■ Exercise ■
Your reply should contain nothing except the lines from the one with "Mosaico romano con" through the end of the listing below, reproduced exactly and stripped of pictures.

——————

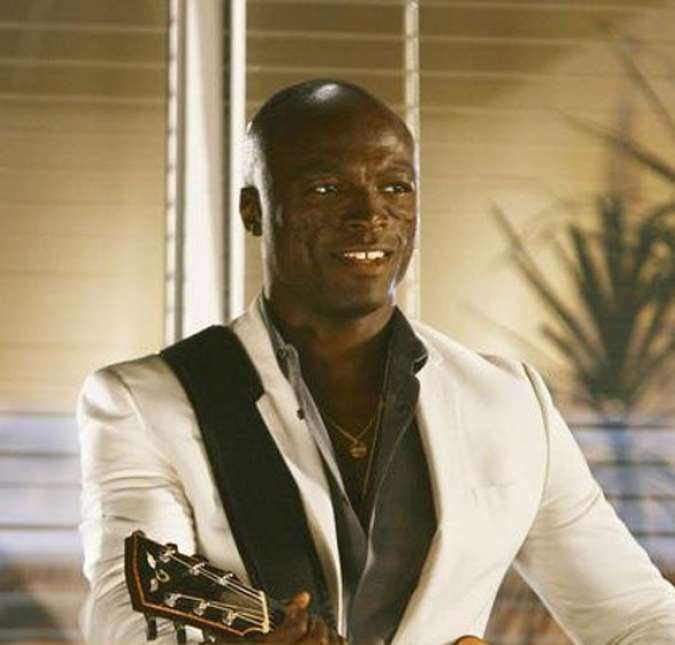 As cicatrizes no rosto do cantor Seal foram causadas pelo lúpus. Apesar de não comentar muito sobre o assunto, em entrevista ao Mirror, em 2009, ele contou que contraiu a doença aos 21 anos de idade, e foi tão grave que as consequências incluíram, além das marcas, assim como Cori B, a perda de cabelo.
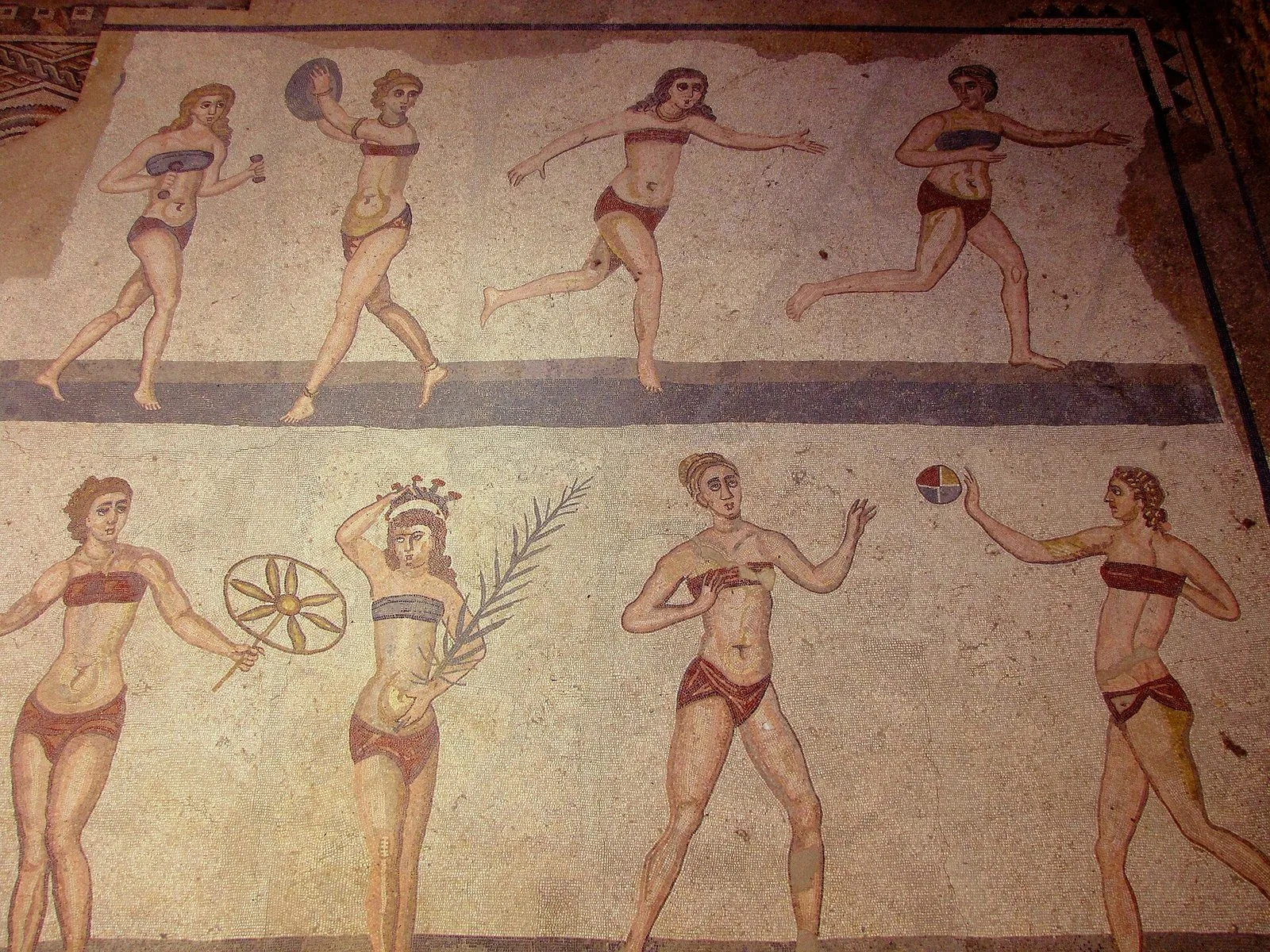 Mosaico romano con le atlete in bikini nella Villa Romana del Casale di Piazza Armerina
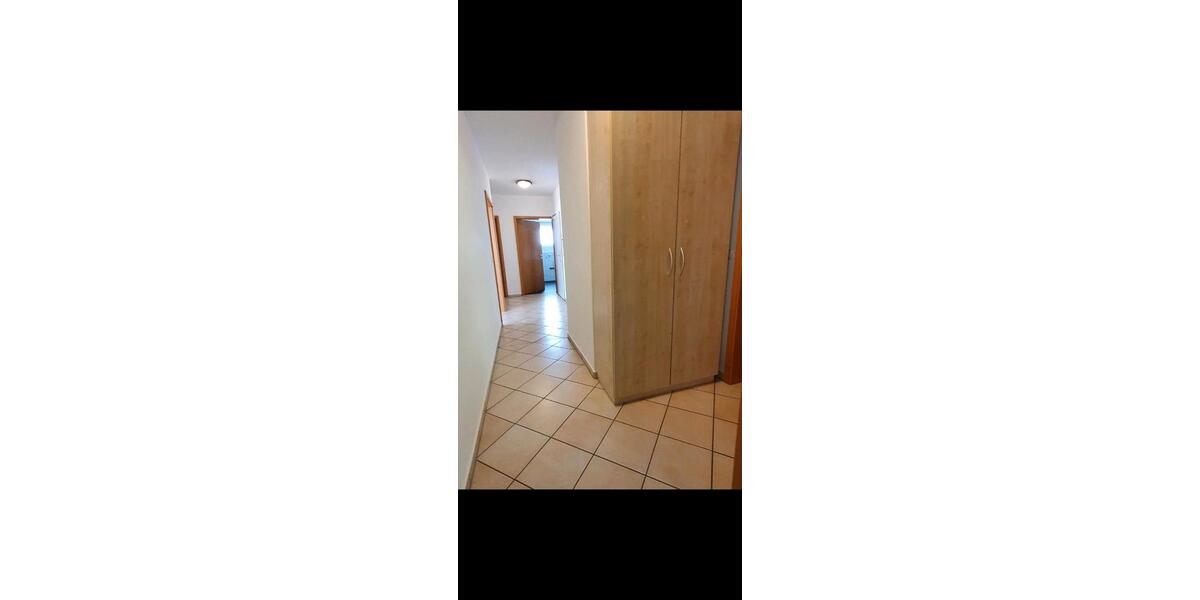 Erdgeschoßwohnung Bayreuth City - 3 Zimmer, 81 m&sup2;, 1.100&euro; | Angebot:26535698
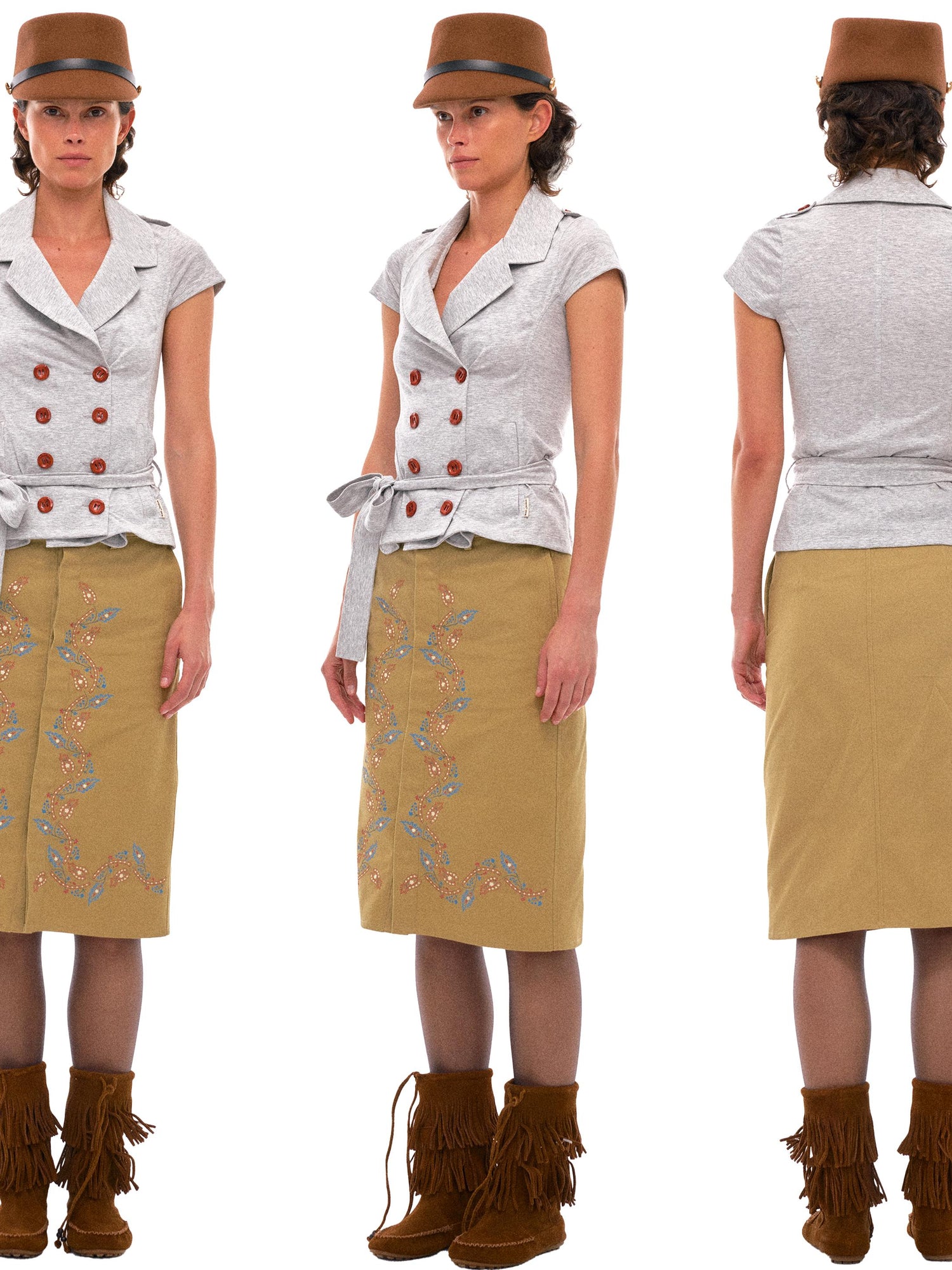 British Style Grey Tweed Knit Short Coat With Wood Buttons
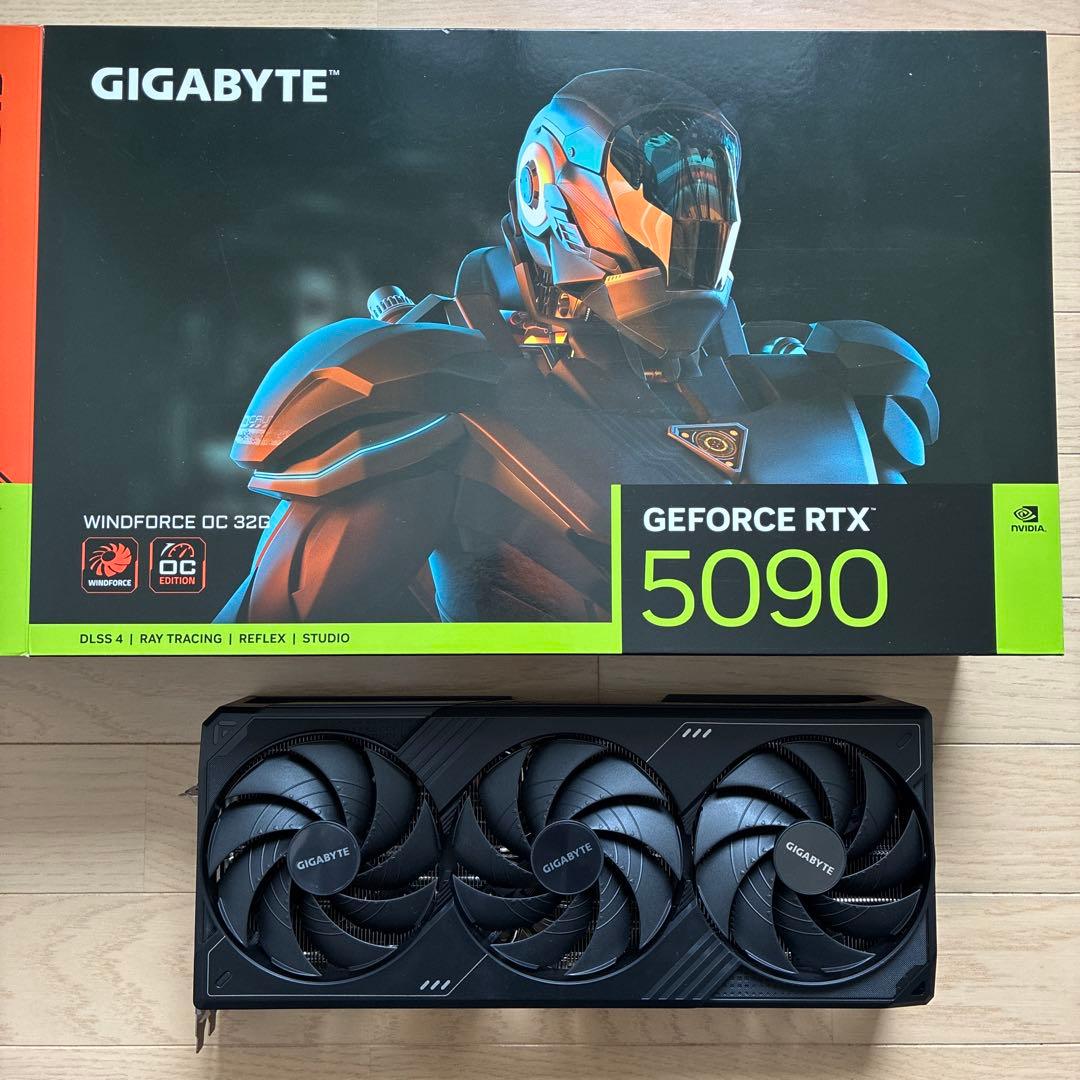 gigabyte グラボ 5090 ヒートシンク　3連ファン　バックプレート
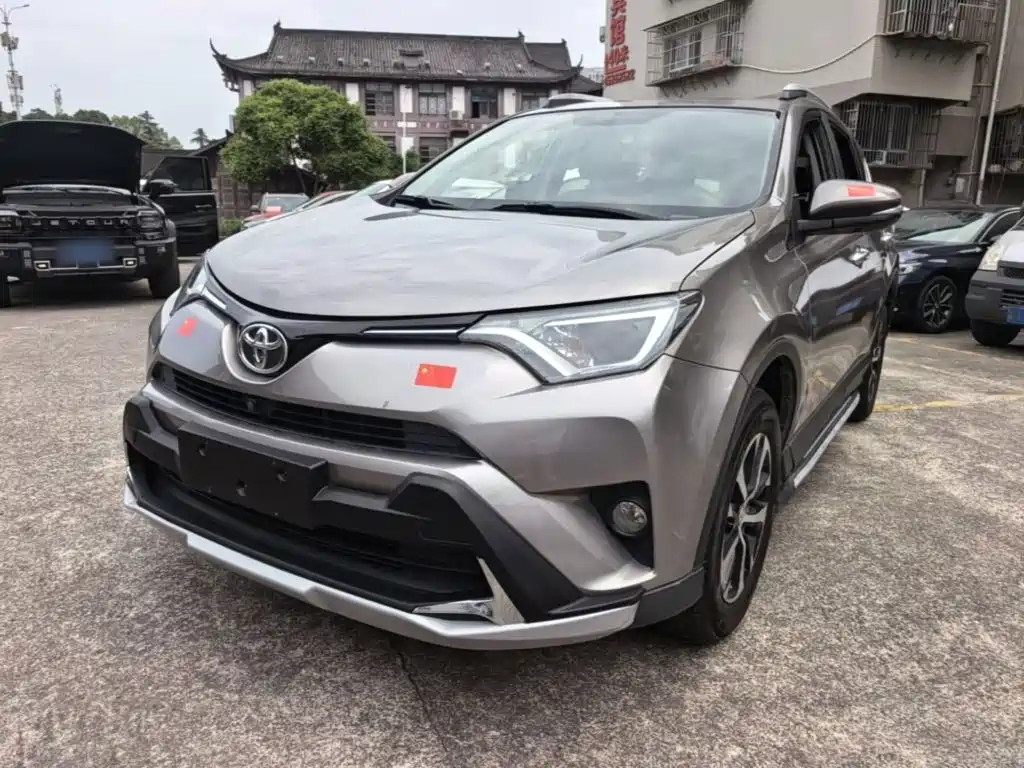 Toyota RAV4 2018 — фото 2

——————

■ Written response ■
 Mosaico romano con le atlete in bikini nella Villa Romana del Casale di Piazza Armerina
 Erdgeschoßwohnung Bayreuth City - 3 Zimmer, 81 m&sup2;, 1.100&euro; | Angebot:26535698
 British Style Grey Tweed Knit Short Coat With Wood Buttons
 gigabyte グラボ 5090 ヒートシンク　3連ファン　バックプレート
 Toyota RAV4 2018 — фото 2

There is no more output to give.